John McAuliffe v. State

CourtCourt of Appeals of Texas
DecidedDecember 4, 1997
Docket03-96-00474-CR
StatusPublished

This text of John McAuliffe v. State (John McAuliffe v. State) is published on Counsel Stack Legal Research, covering Court of Appeals of Texas primary law. Counsel Stack provides free access to over 12 million legal documents including statutes, case law, regulations, and constitutions.

Bluebook
John McAuliffe v. State, (Tex. Ct. App. 1997).

Opinion

TEXAS COURT OF APPEALS, THIRD DISTRICT, AT AUSTIN




NO. 03-96-00474-CR

NO. 03-96-00475-CR

NO. 03-96-00476-CR

John McAuliffe, Appellant


v.



The State of Texas, Appellee



FROM THE DISTRICT COURT OF TRAVIS COUNTY, 147TH JUDICIAL DISTRICT

NOS. 0941732; 0950030 & 0950431, HONORABLE WILFORD FLOWERS, JUDGE PRESIDING

These are consolidated appeals following revocation of community supervision. By one point of error, appellant complains that the trial court erred in failing to appoint counsel to assist him in preparing a motion for new trial and in failing to conduct a hearing on the motion he filed. Finding no error in the trial court's actions, we will affirm the orders of the trial court.

BACKGROUND

Appellant, John McAuliffe, pleaded guilty to two counts of driving while intoxicated and one count of possession of marihuana. On October 11, 1995, the trial court rendered judgment finding McAuliffe guilty of the charges but probating his sentences. The State later filed motions to revoke community supervision on all causes. After McAuliffe entered pleas of true to the motions to revoke, the trial court revoked community supervision and imposed sentences of imprisonment for three years and a $200 fine in the driving-while-intoxicated causes and incarceration in a state jail for eighteen months in the marihuana cause.

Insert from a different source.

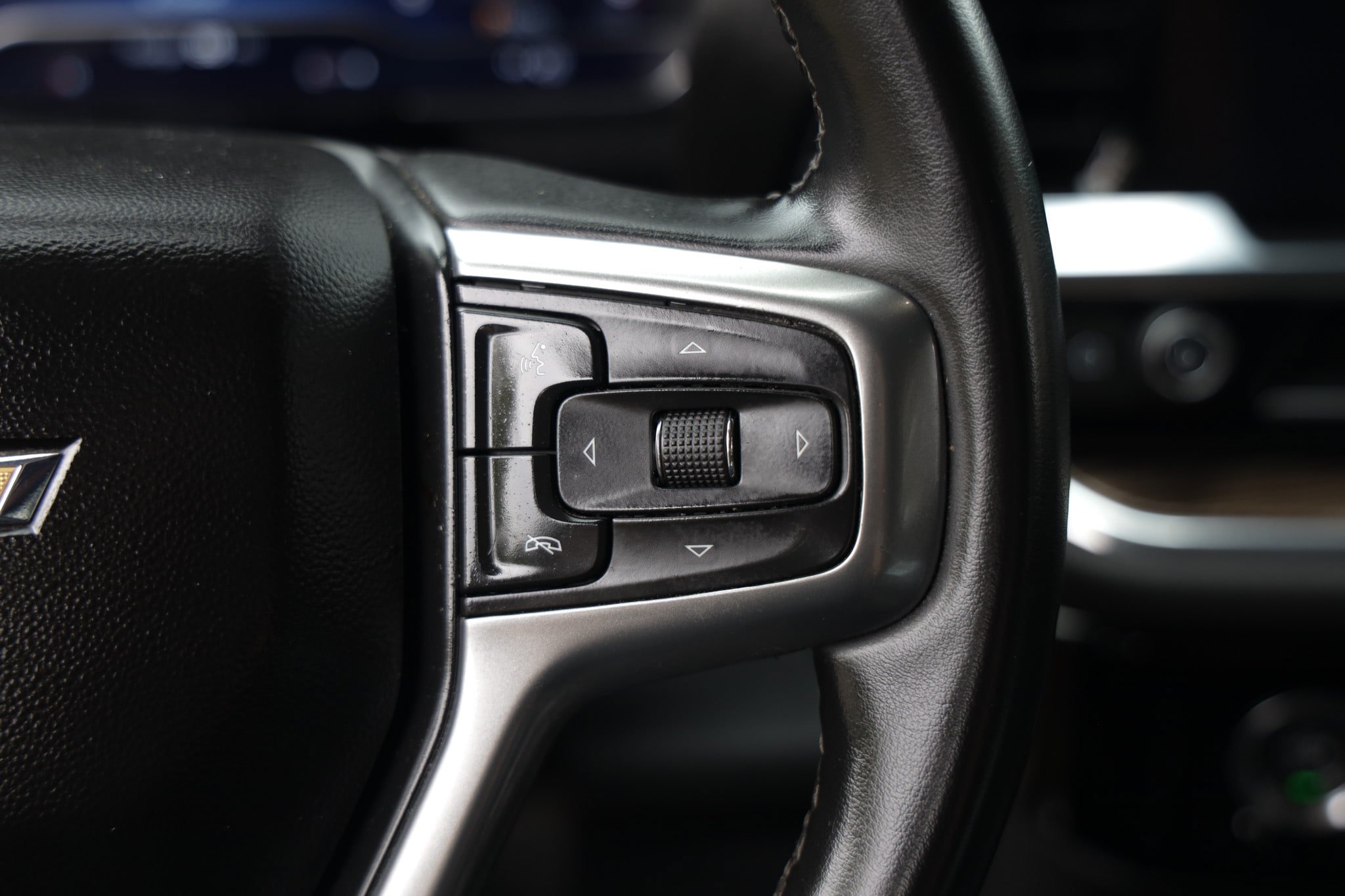 Used 2024 Chevrolet Silverado 1500 LT w/ Protection Package RWD image 31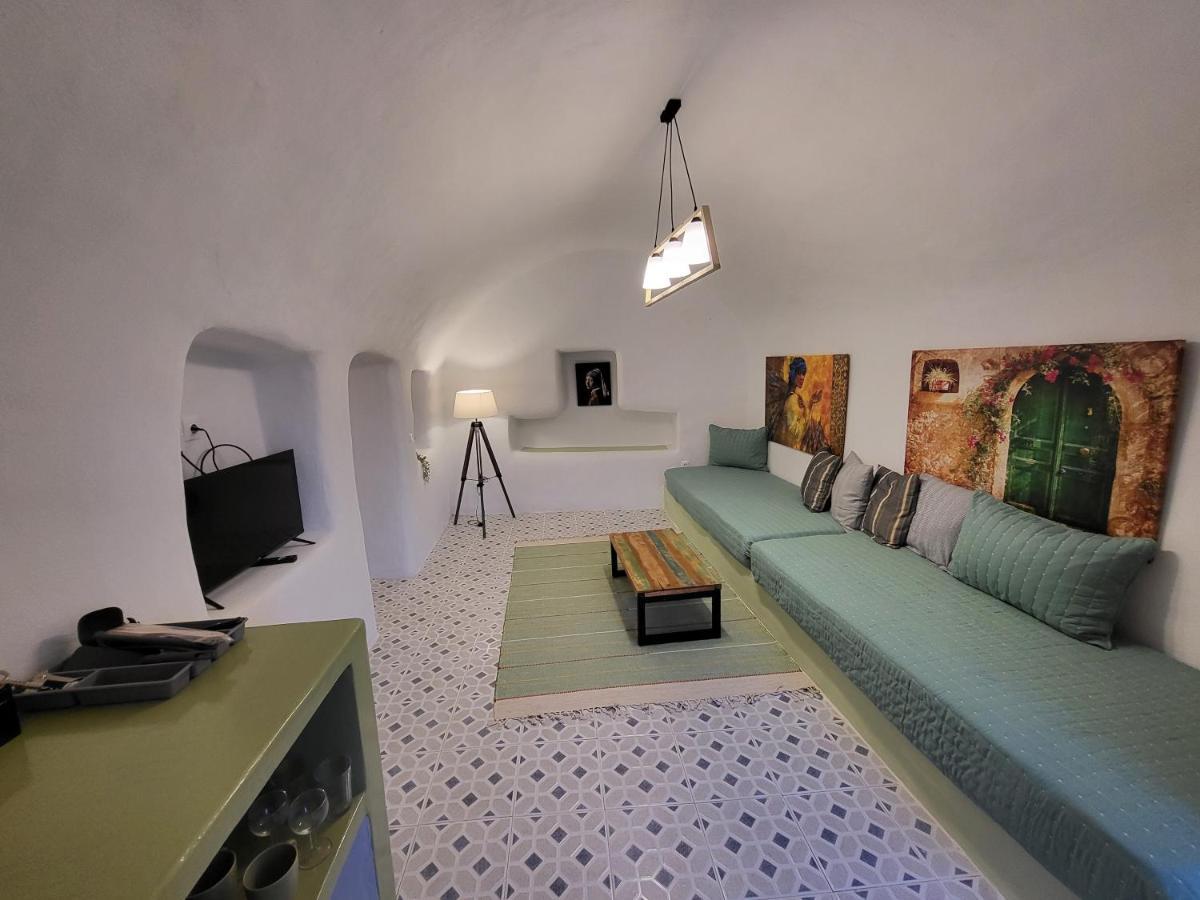 Villa Ariadni Cave Houses In Oia Exterior photo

McAuliffe then filed pro se motions for new trial. (1) The motions were never set for a hearing, and McAuliffe filed these appeals. (2)



DISCUSSION

We note first that McAuliffe's point of error includes two separate complaints and is, therefore, multifarious. For this reason alone the point of error could be overruled. Sterling v. State, 800 S.W.2d 513, 521 (Tex. Crim. App. 1990), cert. denied, 501 U.S. 1213 (1991). Nevertheless, the appellate court has discretion to review such a point in the interest of judicial economy and justice. Id. Accordingly, we will address the merits of both claims.

Although McAuliffe acknowledges in his brief that he was represented by retained counsel at the revocation hearing, he contends that he was denied court-appointed counsel to assist him thereafter in preparing a motion for new trial. Even assuming McAuliffe was entitled to file motions for new trial following a revocation proceeding, which we need not decide, we find his contention without merit.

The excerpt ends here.